OIT test was performed on a Mettler Toledo differential scanning calorimeter (DSC) instrument (Greifensee, Switzerand). Samples with a mass of 4 mg were heated from room temperature to the test temperature, 220 °C, at a rate of 20 °C/min under a nitrogen atmosphere. After 5 min at 220 °C, the gas was changed from nitrogen to air at a flow rate of 60 mL/min. When all of the antioxidants were consumed, the sample began to oxidize, producing a deviation in the baseline. The OIT was measured as the time between the change to airflow and the intersection with a tangent from the maximum derivative after oxidation began. Two analyses of each sample were performed to ensure the accuracy of the results. The OIT index was determined according to the PN EN 728:1999 standard [77], “Plastic piping system and ducting system. Polyolefin pipes and fitting determination of induction time” and the ISO 11357-6:2002 standard “Plastics-DSC-Part 6: Determination of oxygen induction time” [78,79].

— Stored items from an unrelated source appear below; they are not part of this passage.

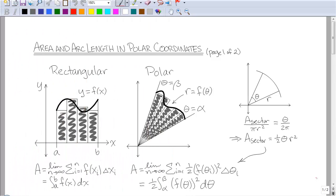Last class we talked about polar coordinates. As we talked about, you have to think differently when you're thinking in terms of polar coordinates than in rectangular coordinates. This applies to integration as well.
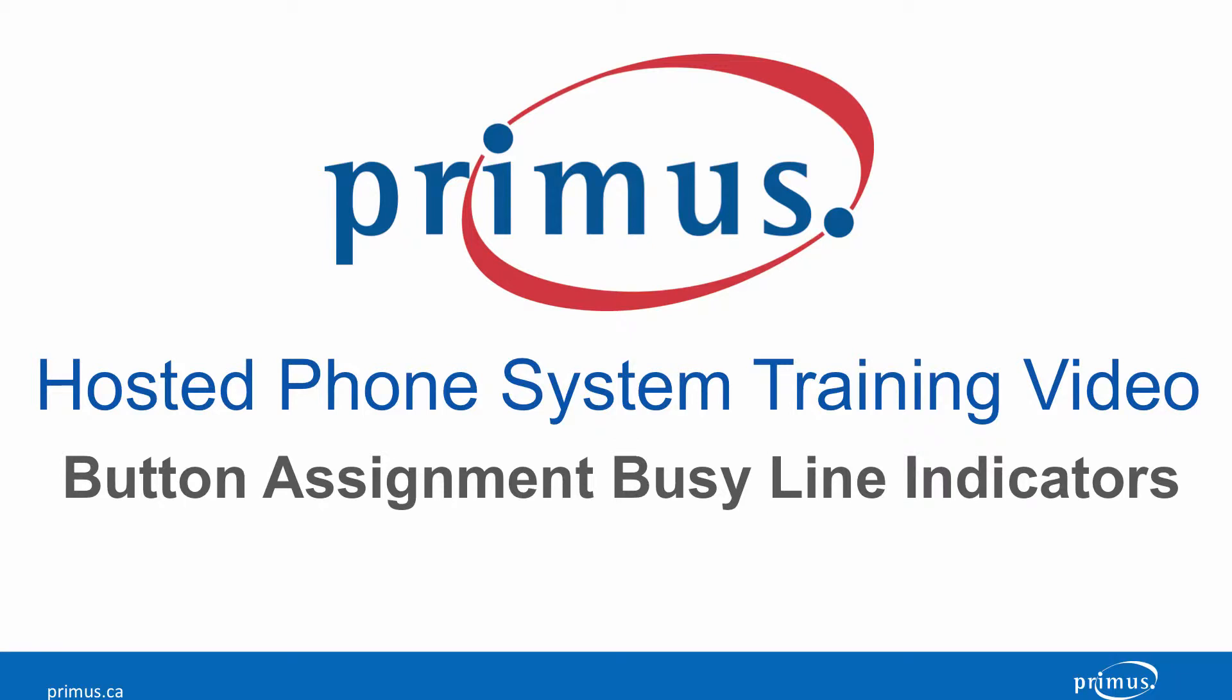Welcome to the Primus Host2PBX video training series. In this video, we're going to show you how to program BusyLine indicators in the administrative pages of the Host2PBX portal.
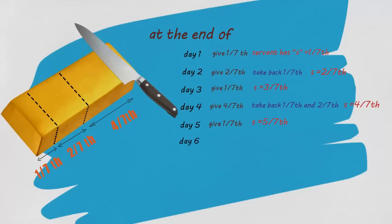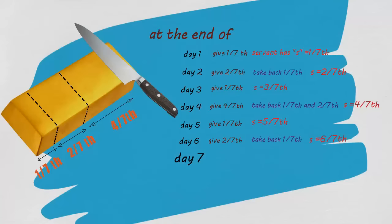At the end of day six, give him two-seventh part and take back one-seventh part. At the last day, give him the last one-seventh part. You now have successfully paid him for his services.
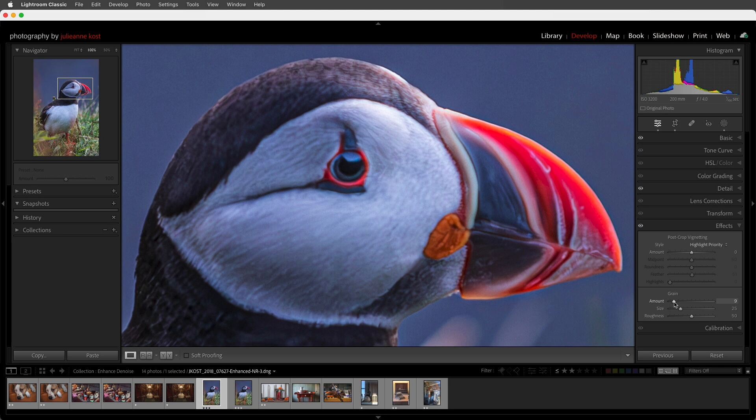And number five, Denoise and Super Resolution cannot be used together at this time. However, you can first run Denoise on any Bayer or X-Trans RAW file, then export the results to an output-referred format such as a TIFF file, and then run Super Resolution on that TIFF file. I'm Julianne Kost. Thanks for watching.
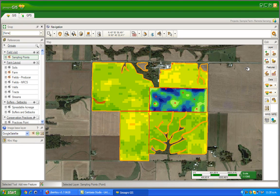Having added your points, you should now enter names for them. They will be useful later on to identify them while you are in the field with your GPS device.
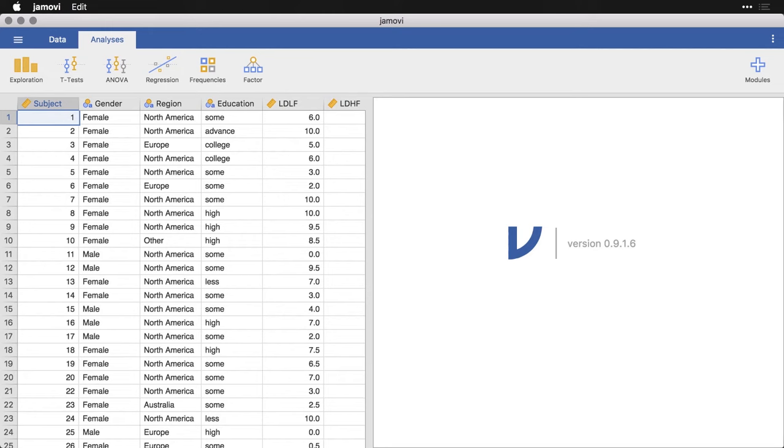Perhaps the quickest way to get some insight into your data is to do basic descriptive statistics, like frequencies and means and standard deviations. Fortunately, that's really easy to do in Jamovi.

3.2.8. Thermogravimetric Analysis (TGA)

TGA was performed using a Universal V1.12E TA instrument (Greifensee, Switzerand) to obtain the initial temperature of degradation and the maximum thermal degradation temperatures. The heating rate was maintained at 10 °C/min from 30–700 °C under an inert N2 atmosphere.

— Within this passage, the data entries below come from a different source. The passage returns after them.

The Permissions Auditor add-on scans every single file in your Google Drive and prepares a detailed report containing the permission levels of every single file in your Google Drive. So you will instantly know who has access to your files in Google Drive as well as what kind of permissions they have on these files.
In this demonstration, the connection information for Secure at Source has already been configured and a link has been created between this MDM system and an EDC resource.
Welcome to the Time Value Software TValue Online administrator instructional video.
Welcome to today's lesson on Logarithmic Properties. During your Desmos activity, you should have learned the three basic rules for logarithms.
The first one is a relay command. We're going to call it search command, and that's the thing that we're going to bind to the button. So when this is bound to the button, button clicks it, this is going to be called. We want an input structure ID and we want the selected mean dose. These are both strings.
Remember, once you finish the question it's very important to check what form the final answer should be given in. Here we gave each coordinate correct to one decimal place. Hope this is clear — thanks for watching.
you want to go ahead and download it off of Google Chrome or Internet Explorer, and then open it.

4. Results and Discussion (Application of Flavonoids for Polymer Stabilization and Use Natural Phytocompounds such as Color Indicator of Polymers Ageing Time)

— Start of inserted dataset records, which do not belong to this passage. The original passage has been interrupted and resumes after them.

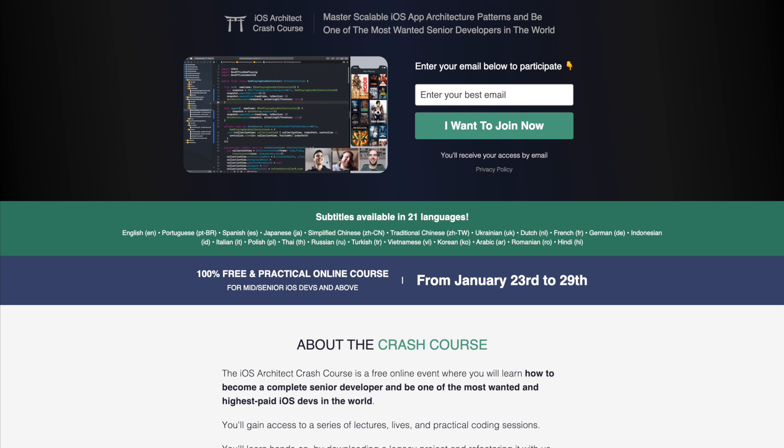This video is sponsored by EssentialDeveloper.com by Kaio and Mike. They're offering a free course for iOS developers who want to master scalable architectural patterns and become one of the most wanted developers in the world.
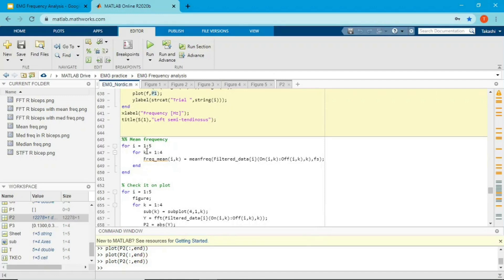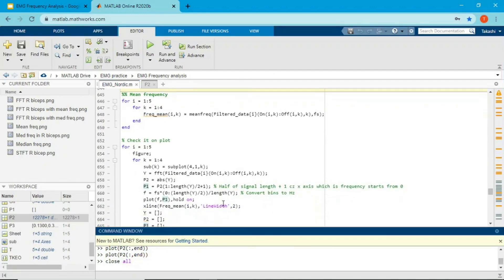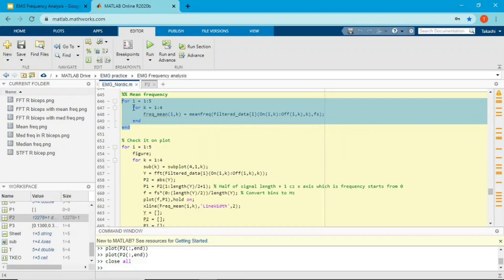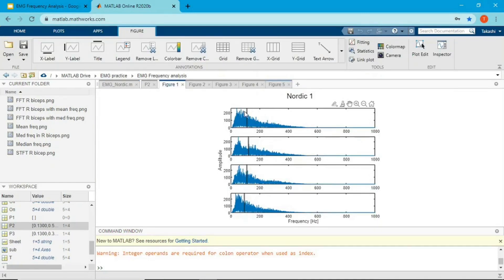After FFT I'll conduct mean frequency analysis using a function called meanfreq. The input argument is the filtered data with duration defined from muscle on to muscle off, and the second input argument is the sampling frequency of 2000. The meanfreq function finds mean frequency muscle by muscle and trial by trial.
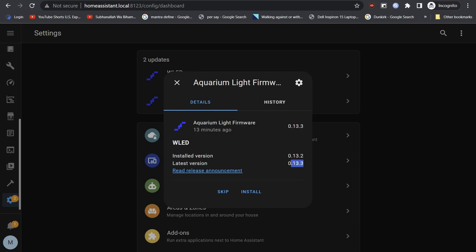On the Home Assistant setting page, select the correct node and click install. This will start updating the official AirCookie WLED firmware on your selected node.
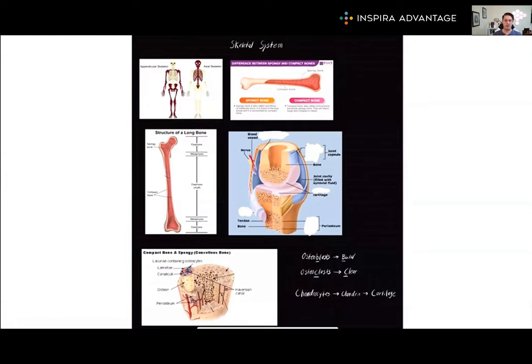There you have it! We've covered the essential aspects of the skeletal system, including axial and appendicular skeletons, bone structure, bone marrow, and more. Thank you so much for watching this video on the skeletal system, and I will see you next time.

The anti-ageing substances used enhance the pro-ecological profile of the composites, making it possible to use them in products to be in conformity with restrictive standards. The addition of anti-ageing substances derived from flavonoids considerable improves the resistance of polymeric composites to ageing, especially under UV irradiation and climatic conditions with variable air humidity and solar radiation. Below we present preliminary results of application flavonoid (silymarin) in ethylene-propylene copolymer. The principal components of silymarin are silybin, isosilybin, silychristin and silydianin (Figure 1) [80,81,82,83,84,85,86,87].
Polymers 07 01125 g001 1024
Figure 1. Structure of silymarin compounds.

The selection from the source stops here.